Caption-style text data:
==============================
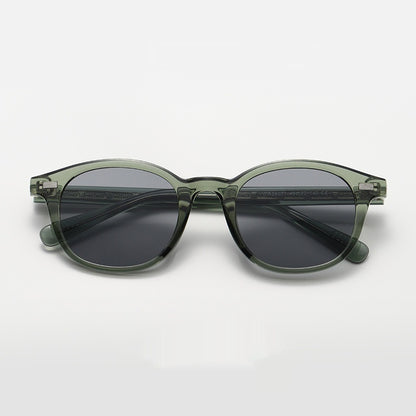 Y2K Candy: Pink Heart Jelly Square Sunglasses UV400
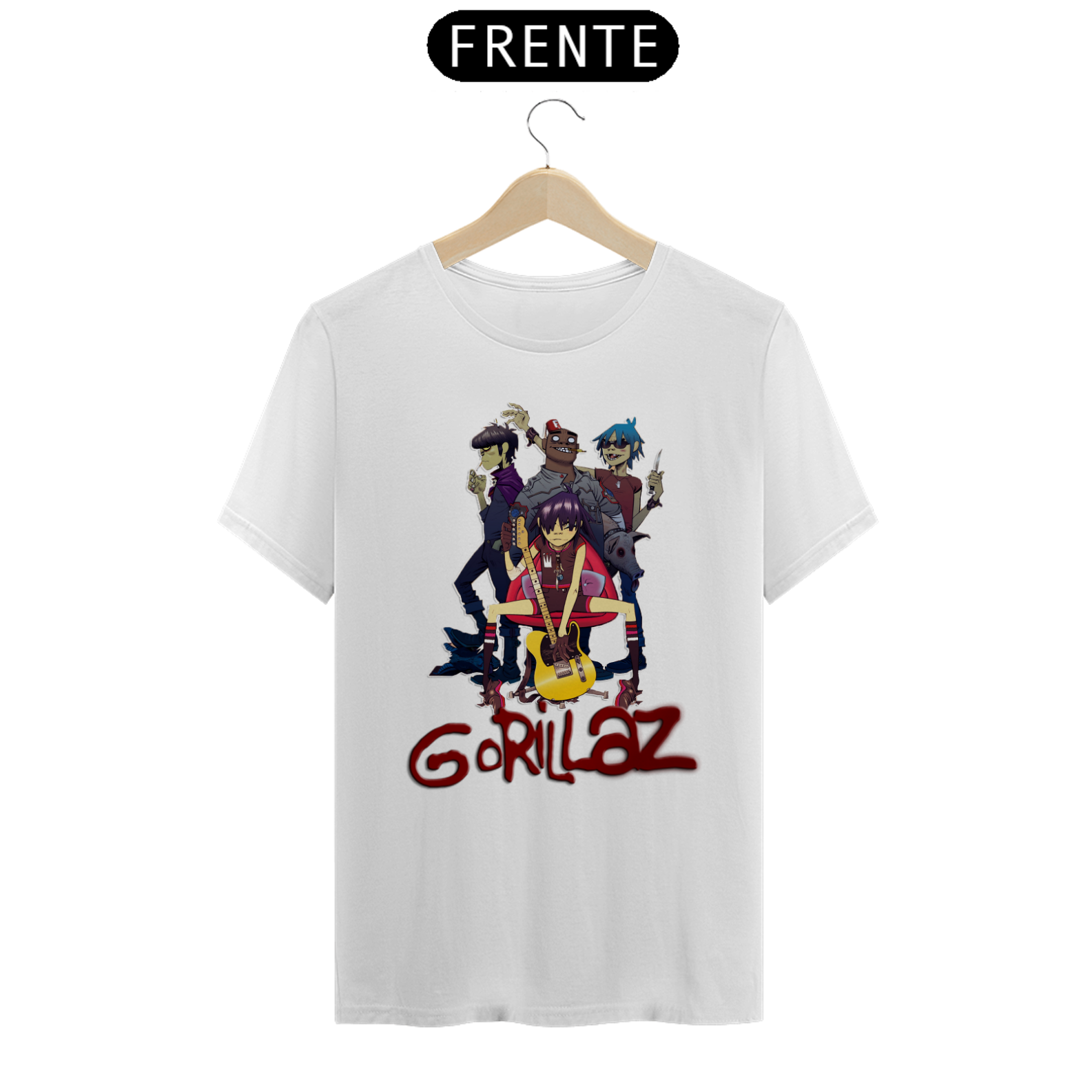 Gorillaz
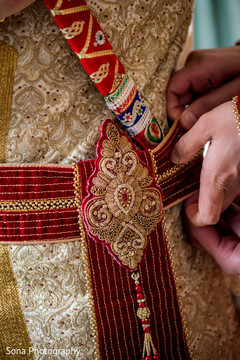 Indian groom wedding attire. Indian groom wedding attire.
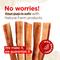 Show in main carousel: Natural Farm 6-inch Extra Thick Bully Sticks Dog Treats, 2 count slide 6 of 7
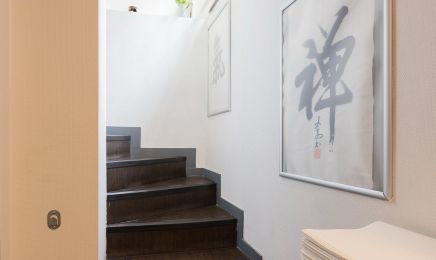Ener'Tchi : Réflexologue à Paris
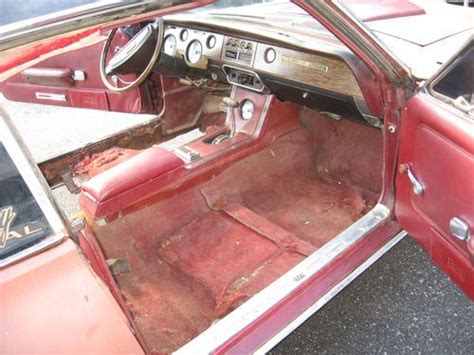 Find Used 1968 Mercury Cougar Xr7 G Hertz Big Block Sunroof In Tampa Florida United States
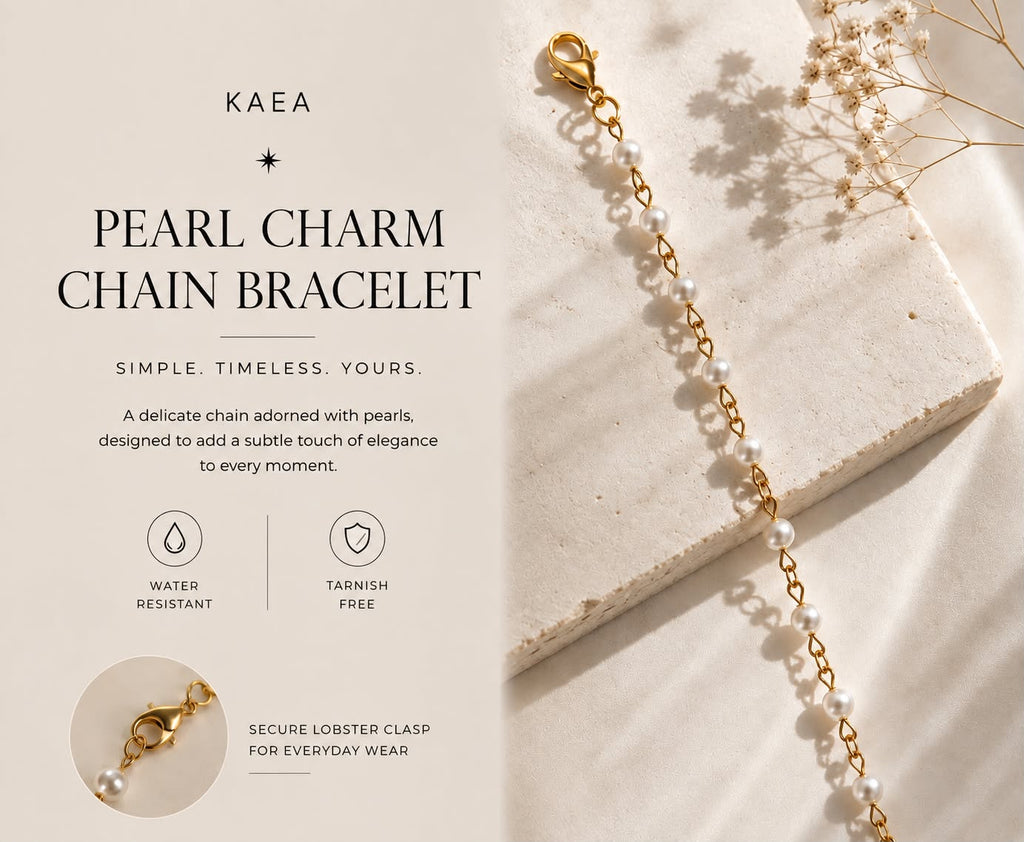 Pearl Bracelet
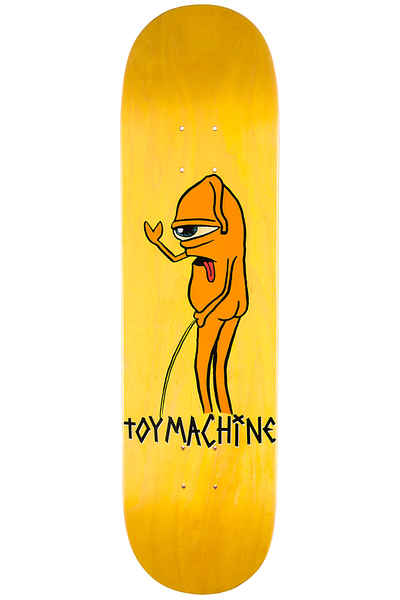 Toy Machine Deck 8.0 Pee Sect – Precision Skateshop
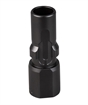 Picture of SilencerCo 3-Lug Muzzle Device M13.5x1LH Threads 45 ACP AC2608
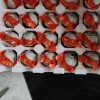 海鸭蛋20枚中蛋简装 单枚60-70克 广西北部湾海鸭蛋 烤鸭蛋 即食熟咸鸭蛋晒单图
==============================
WHAT THE EXERCISE ASKS - Starting at the line that contains "Ener'Tchi : Réflexologue à Paris", transcribe each line through the last one of the entries above, exactly and without pictures.

TASK OUTPUT -
Ener'Tchi : Réflexologue à Paris
 Find Used 1968 Mercury Cougar Xr7 G Hertz Big Block Sunroof In Tampa Florida United States
 Pearl Bracelet
 Toy Machine Deck 8.0 Pee Sect – Precision Skateshop
 Picture of SilencerCo 3-Lug Muzzle Device M13.5x1LH Threads 45 ACP AC2608
 海鸭蛋20枚中蛋简装 单枚60-70克 广西北部湾海鸭蛋 烤鸭蛋 即食熟咸鸭蛋晒单图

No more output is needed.